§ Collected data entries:
——————
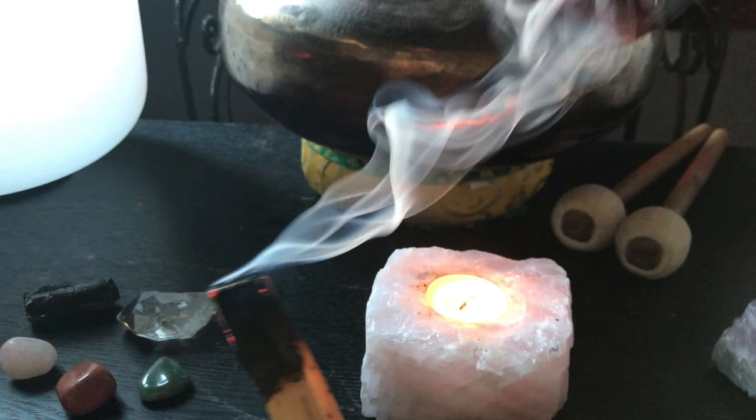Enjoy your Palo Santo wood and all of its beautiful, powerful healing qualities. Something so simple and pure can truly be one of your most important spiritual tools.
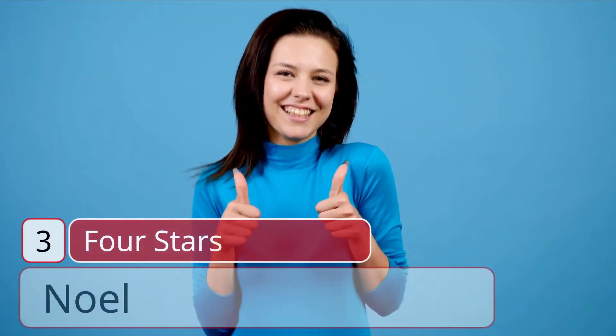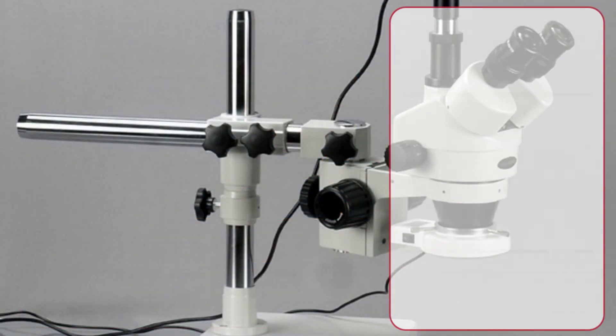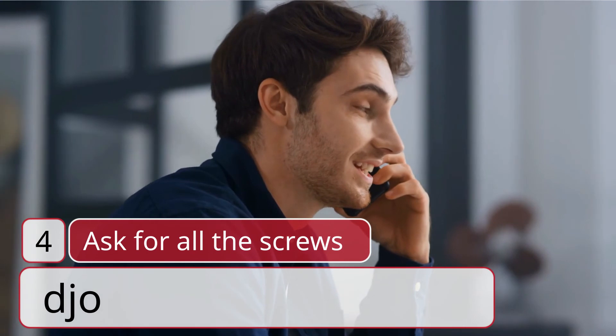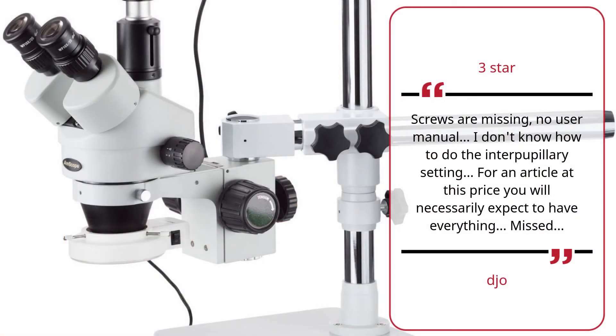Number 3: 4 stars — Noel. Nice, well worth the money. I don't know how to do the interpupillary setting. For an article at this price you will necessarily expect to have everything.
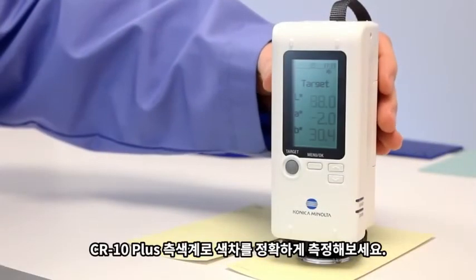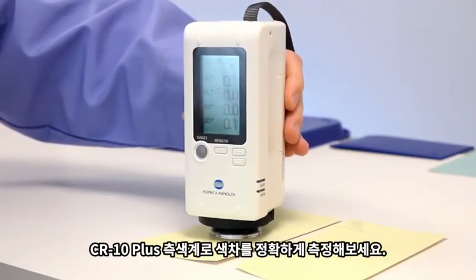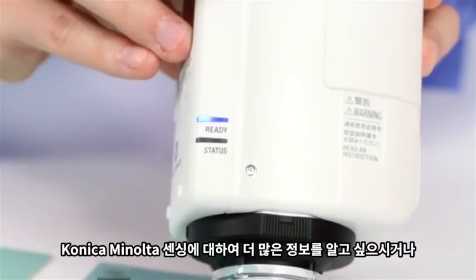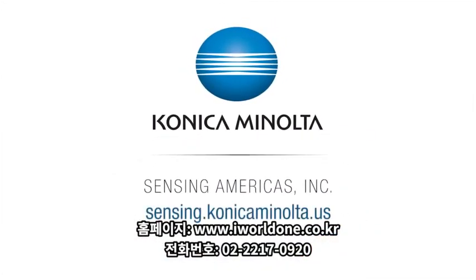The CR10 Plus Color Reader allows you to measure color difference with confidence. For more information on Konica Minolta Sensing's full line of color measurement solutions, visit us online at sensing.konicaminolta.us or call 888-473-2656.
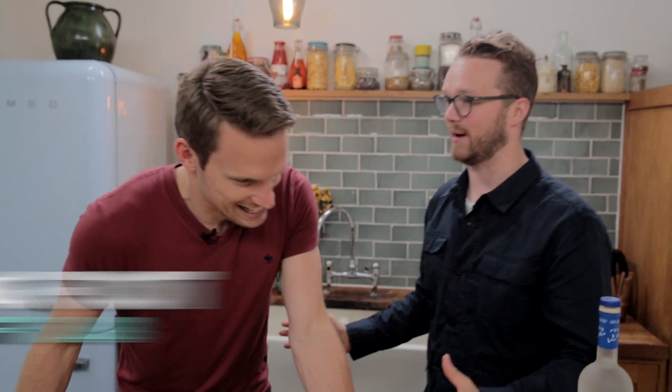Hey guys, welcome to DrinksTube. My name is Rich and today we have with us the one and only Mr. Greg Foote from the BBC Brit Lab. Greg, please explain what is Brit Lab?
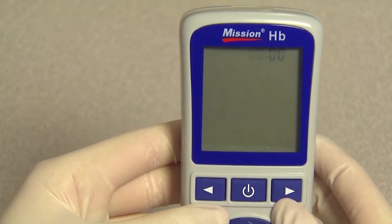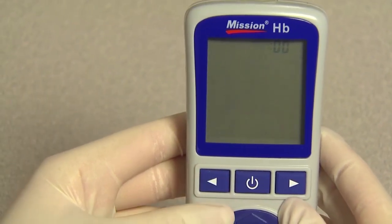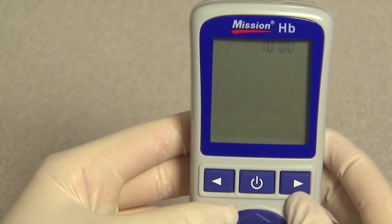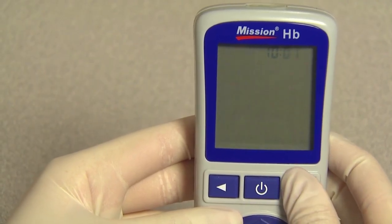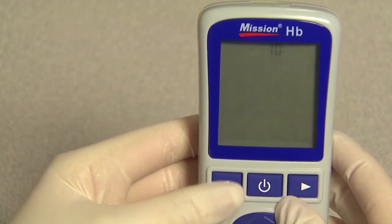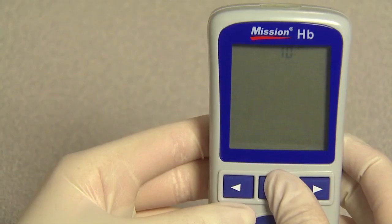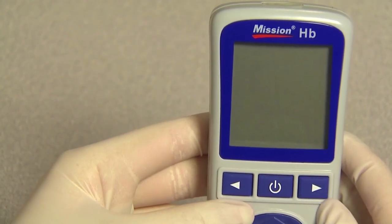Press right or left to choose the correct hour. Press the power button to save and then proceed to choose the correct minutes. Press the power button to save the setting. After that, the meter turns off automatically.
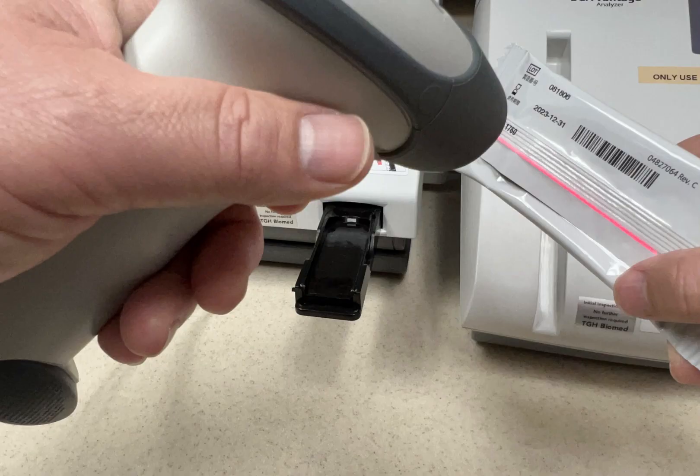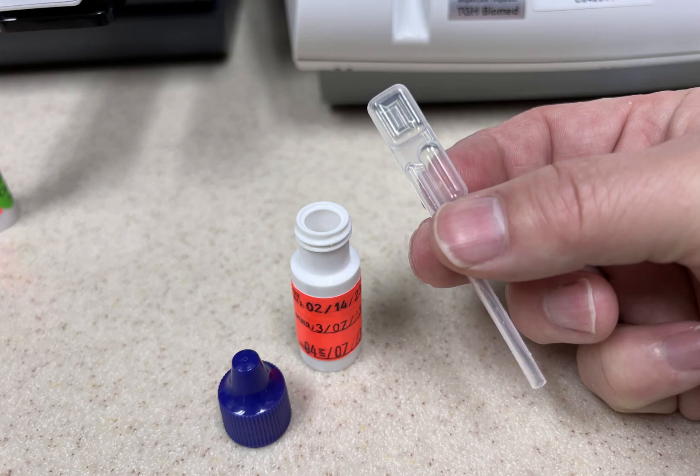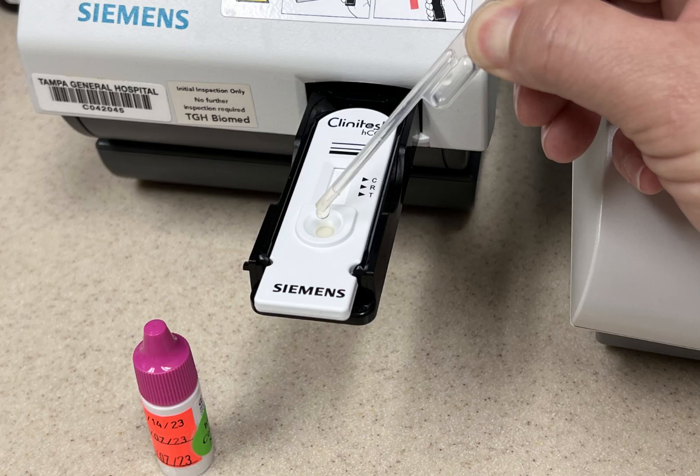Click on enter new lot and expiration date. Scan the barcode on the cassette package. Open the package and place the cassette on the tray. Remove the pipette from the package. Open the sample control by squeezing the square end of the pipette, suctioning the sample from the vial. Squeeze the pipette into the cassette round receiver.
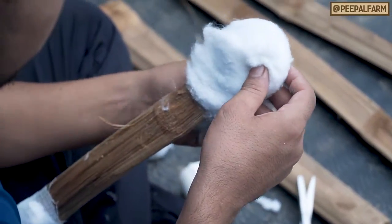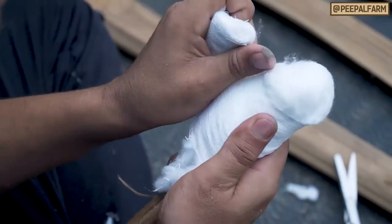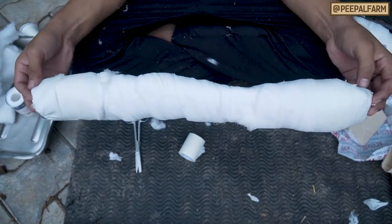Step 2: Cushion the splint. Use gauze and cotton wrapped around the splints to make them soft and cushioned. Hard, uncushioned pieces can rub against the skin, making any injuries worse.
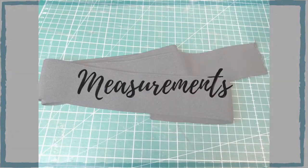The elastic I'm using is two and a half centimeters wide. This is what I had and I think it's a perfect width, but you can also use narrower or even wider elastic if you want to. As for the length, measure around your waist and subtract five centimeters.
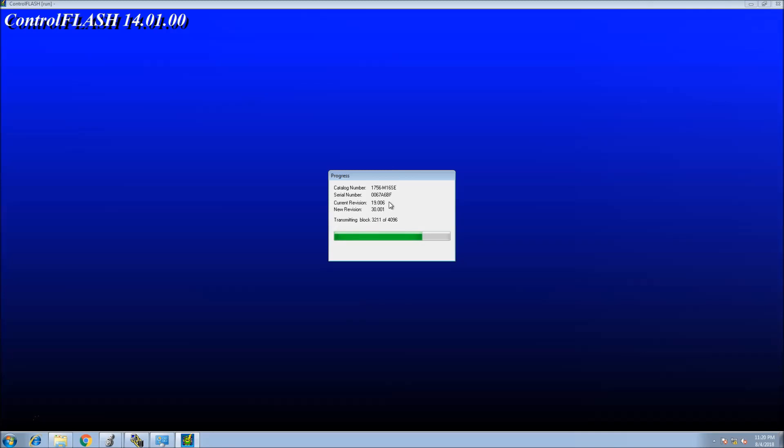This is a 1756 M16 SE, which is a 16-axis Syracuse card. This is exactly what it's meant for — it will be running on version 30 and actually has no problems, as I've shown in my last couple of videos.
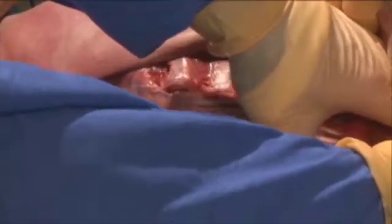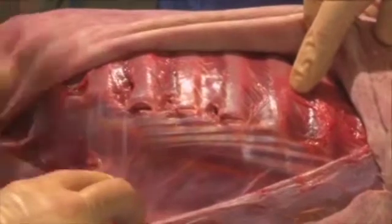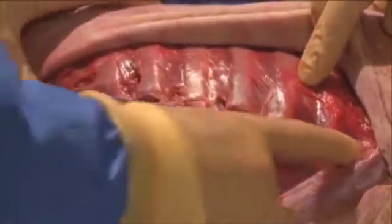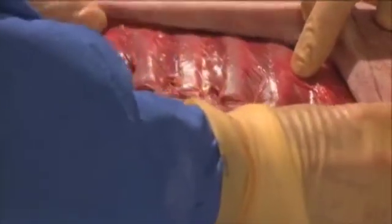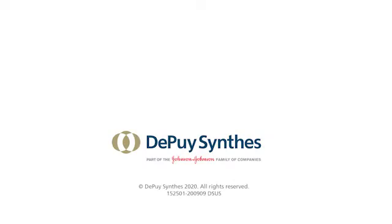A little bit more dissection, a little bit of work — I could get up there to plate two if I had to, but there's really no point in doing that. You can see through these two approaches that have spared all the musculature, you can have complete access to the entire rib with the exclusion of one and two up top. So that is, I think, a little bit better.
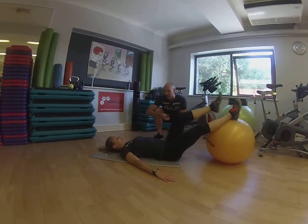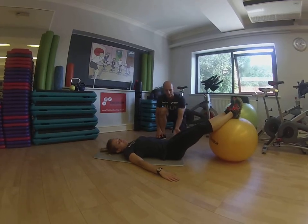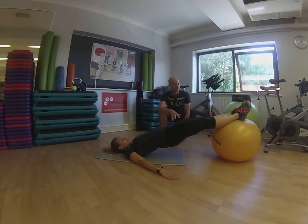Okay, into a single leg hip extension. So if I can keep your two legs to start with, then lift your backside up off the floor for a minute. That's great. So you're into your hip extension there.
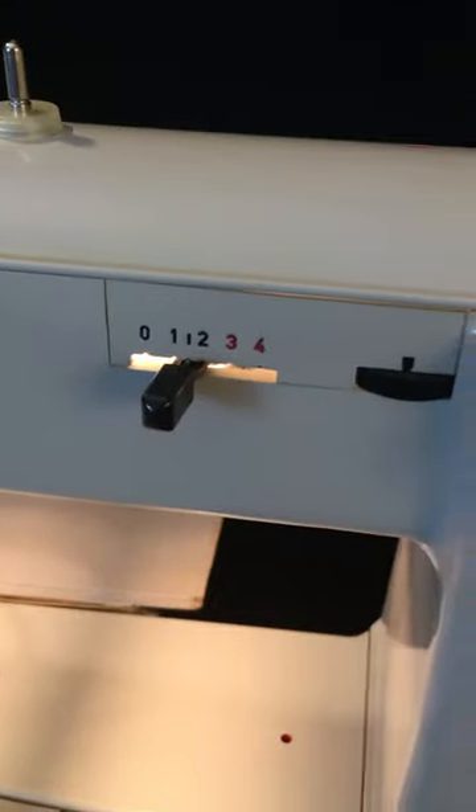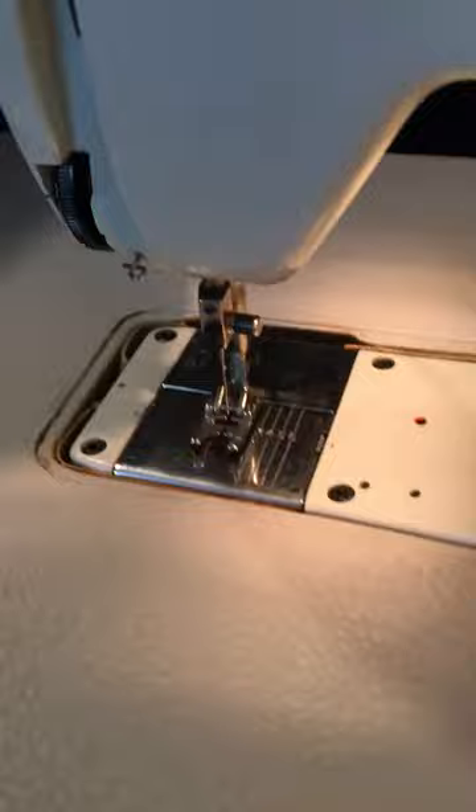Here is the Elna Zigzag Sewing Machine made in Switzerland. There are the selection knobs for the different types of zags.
——————
§ EXERCISE: Though the entries above contain pictures, none should be copied; reproduce only the lines between the one holding "Step 2: Cushion" and the one holding "A little bit more", inclusive, exactly as written.

§ OUTPUT OF THE EXERCISE:
Step 2: Cushion the splint. Use gauze and cotton wrapped around the splints to make them soft and cushioned. Hard, uncushioned pieces can rub against the skin, making any injuries worse.
The elastic I'm using is two and a half centimeters wide. This is what I had and I think it's a perfect width, but you can also use narrower or even wider elastic if you want to. As for the length, measure around your waist and subtract five centimeters.
This is a 1756 M16 SE, which is a 16-axis Syracuse card. This is exactly what it's meant for — it will be running on version 30 and actually has no problems, as I've shown in my last couple of videos.
A little bit more dissection, a little bit of work — I could get up there to plate two if I had to, but there's really no point in doing that. You can see through these two approaches that have spared all the musculature, you can have complete access to the entire rib with the exclusion of one and two up top. So that is, I think, a little bit better.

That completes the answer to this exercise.